*** RECORDS FOR THIS EXERCISE

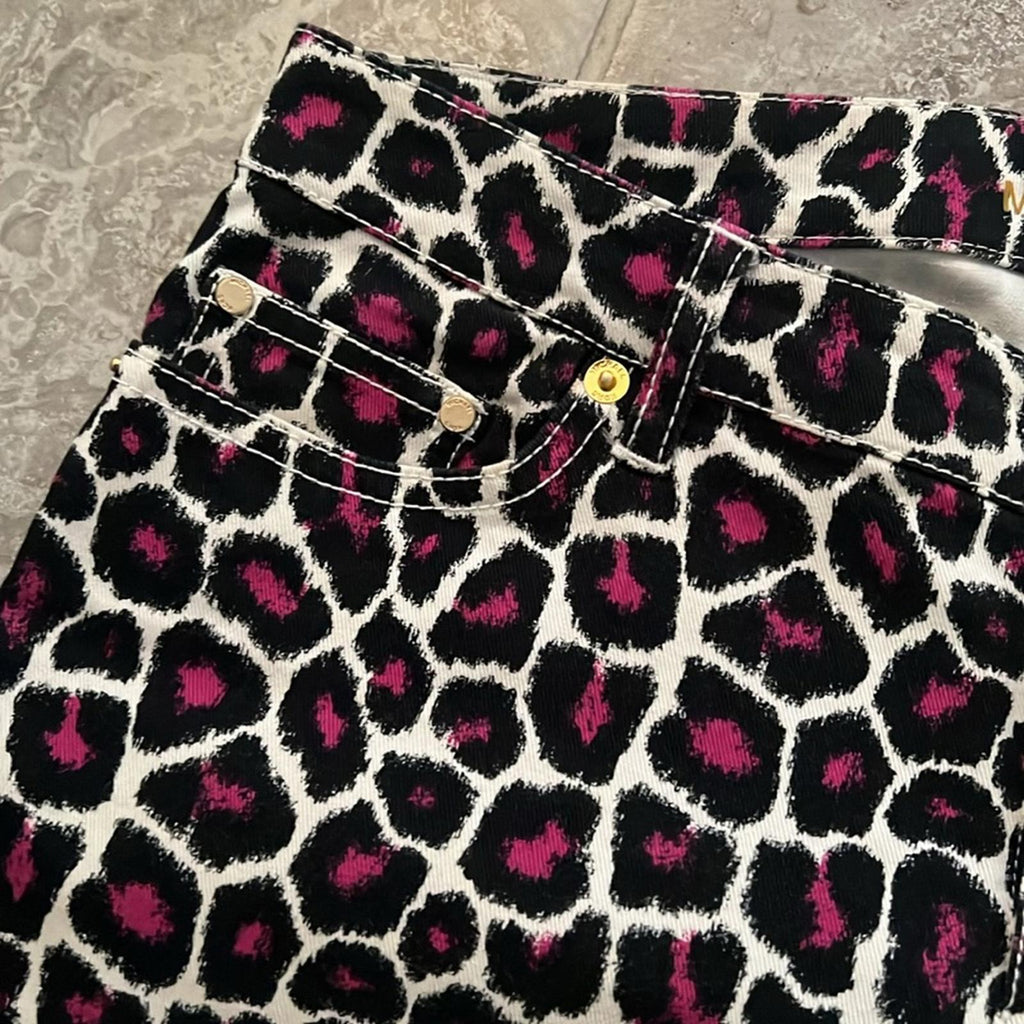 Michael Kors Animal Print Skinny Jeans, Black/ Purple/ White Size 2
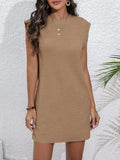 Round Neck Cap Sleeve Mini Dress with Pockets - Trendsi - Flyclothing LLC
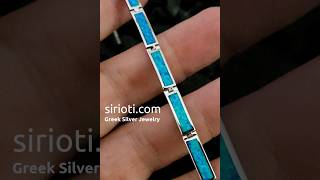 Ocean Blue Opal Silver Bracelet From Greece -  Sirioti Greek Silver Jewelry Free Shipping Worldwide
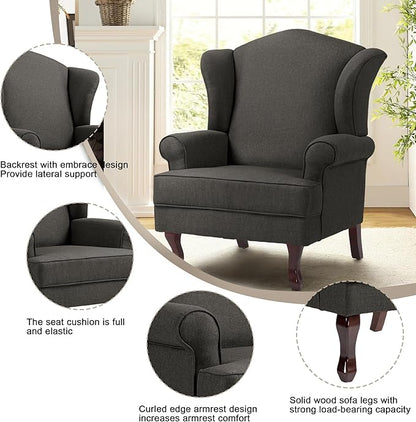 Pia Ricco Set of 2 High Back Accent Chairs: Upholstered Fabric Armchairs with Solid Wood Legs - Retro Living Room Pair, Comfy Reading Sofa Seats-Charcoal Grey
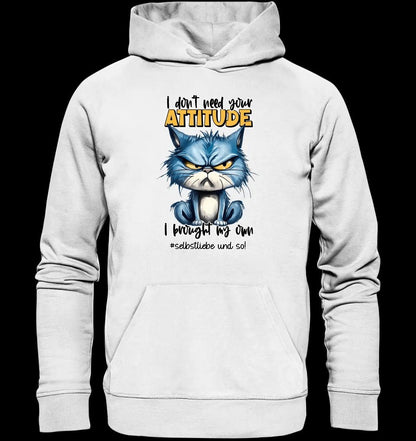 Ich brauche deine Meinung nicht - ich habe meine eigene • Katze • Unisex Premium Hoodie XS-5XL aus Bio-Baumwolle für Damen & Herren • Exklusivdesign • personalisiert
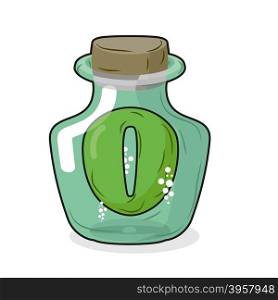 Zero in magical bottle. Number 0 in bottle for laboratory and scientific research. Vector illustration.&#xA;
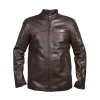 Men’s Dark Brown Leather Jacket with slim fit and classic biker-style detailing.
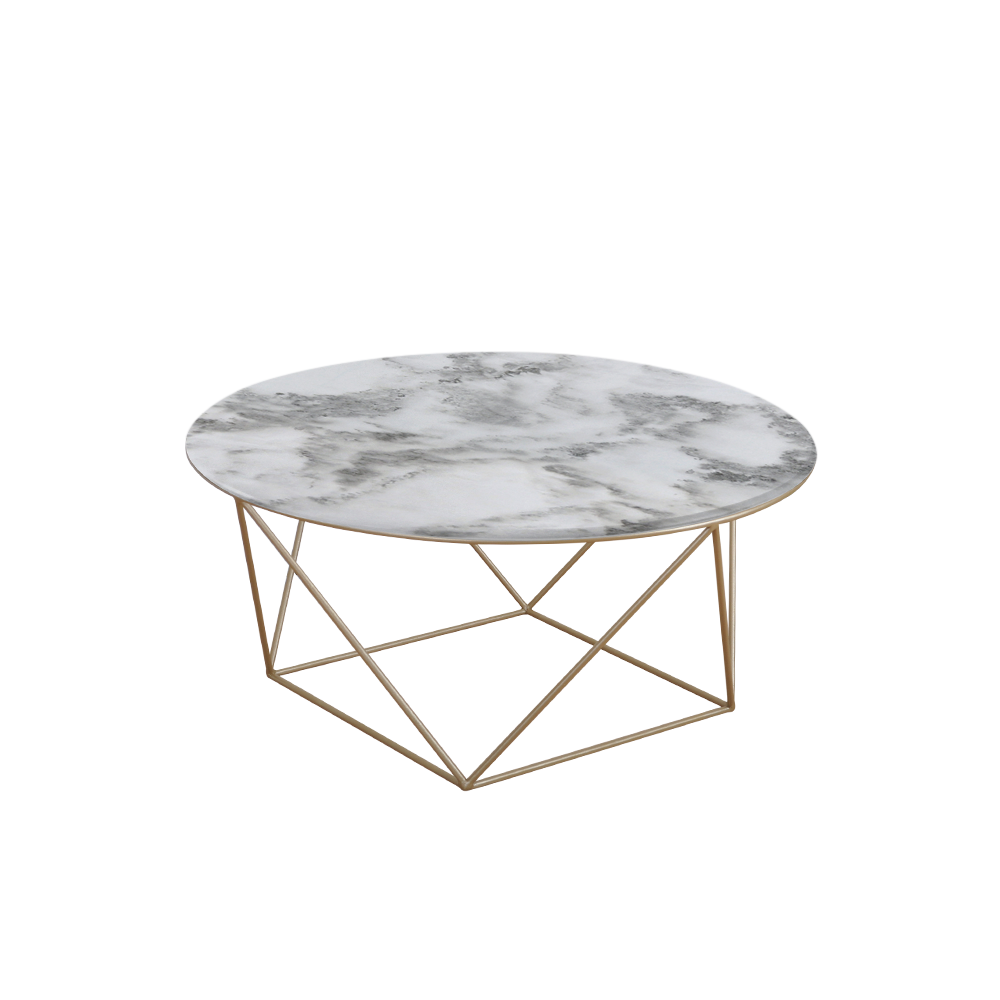 Mix & Match Round Marble Coffee Table with Gold Square Geometric Metal Base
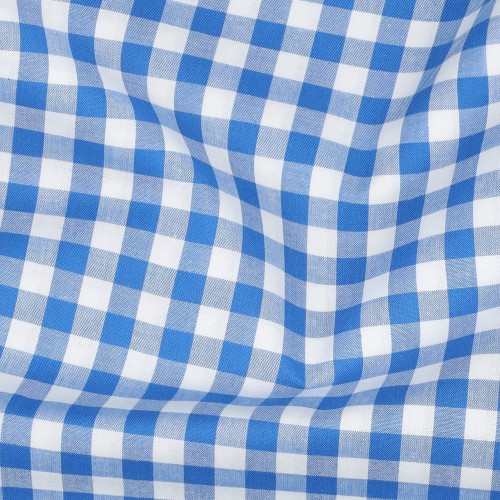 Bawełna barwiona w przędzy dwustronna kratka niebieski 1cm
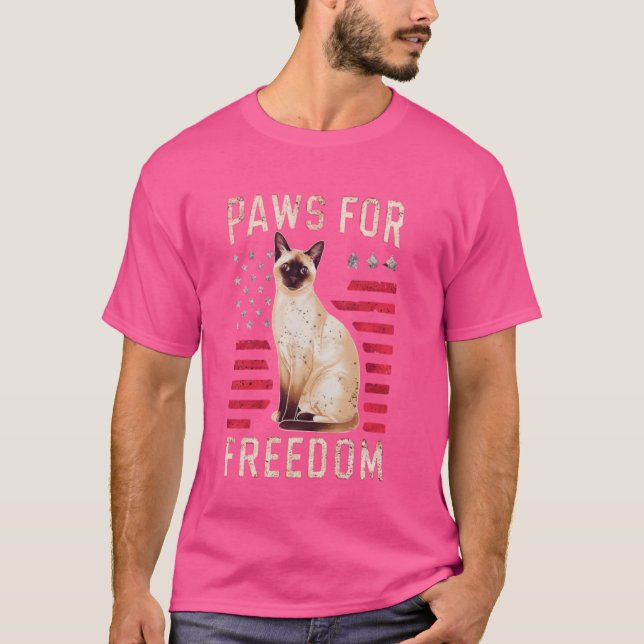 Funny 4Th of July Siamese Cat Lover American Patri T-Shirt (Front)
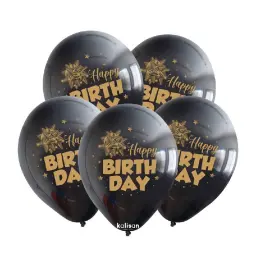 Black Bow Birthday Balloon
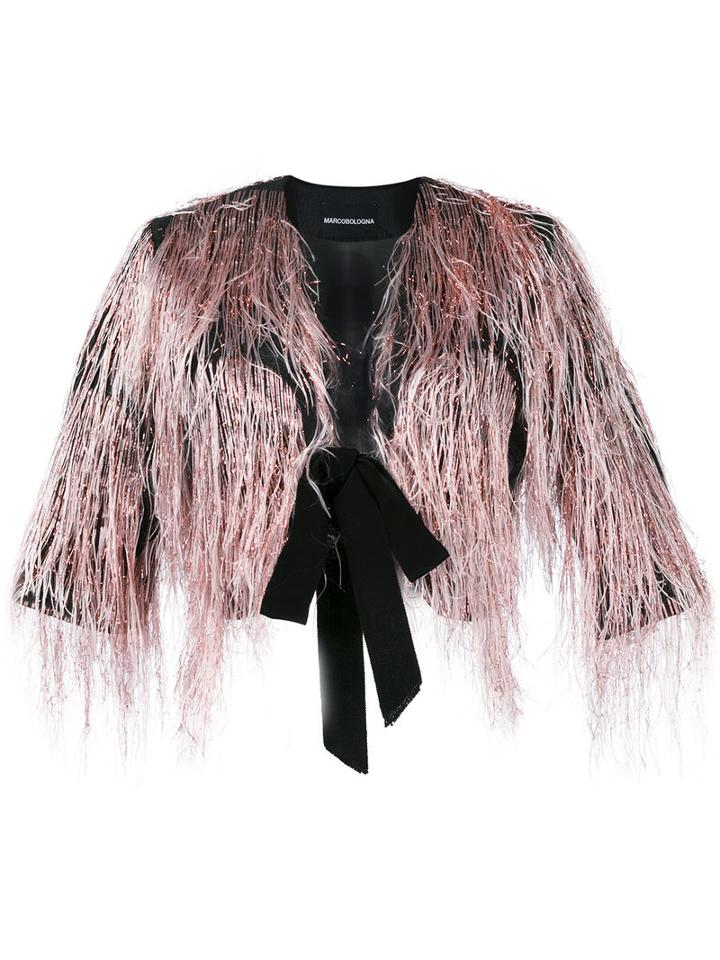 Marco Bologna - Glitter Fringe Bolero - Women - Polyamide/polyester/modal - 44, Pink/purple, Polyamide/polyester/modal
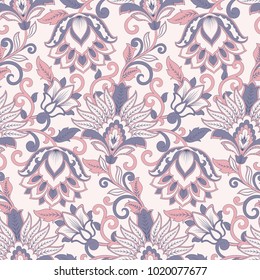 Floral vector seamless pattern. Fantastic flower, leaves. Textile bohemian print. Batik painting. Vintage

******

ABOUT THIS EXERCISE =
Transcribe the entries above exactly, from their first line through the line with "Ocean Blue Opal", and omit all pictures.

TASK RESPONSE =
 Michael Kors Animal Print Skinny Jeans, Black/ Purple/ White Size 2
 Round Neck Cap Sleeve Mini Dress with Pockets - Trendsi - Flyclothing LLC
 Ocean Blue Opal Silver Bracelet From Greece -  Sirioti Greek Silver Jewelry Free Shipping Worldwide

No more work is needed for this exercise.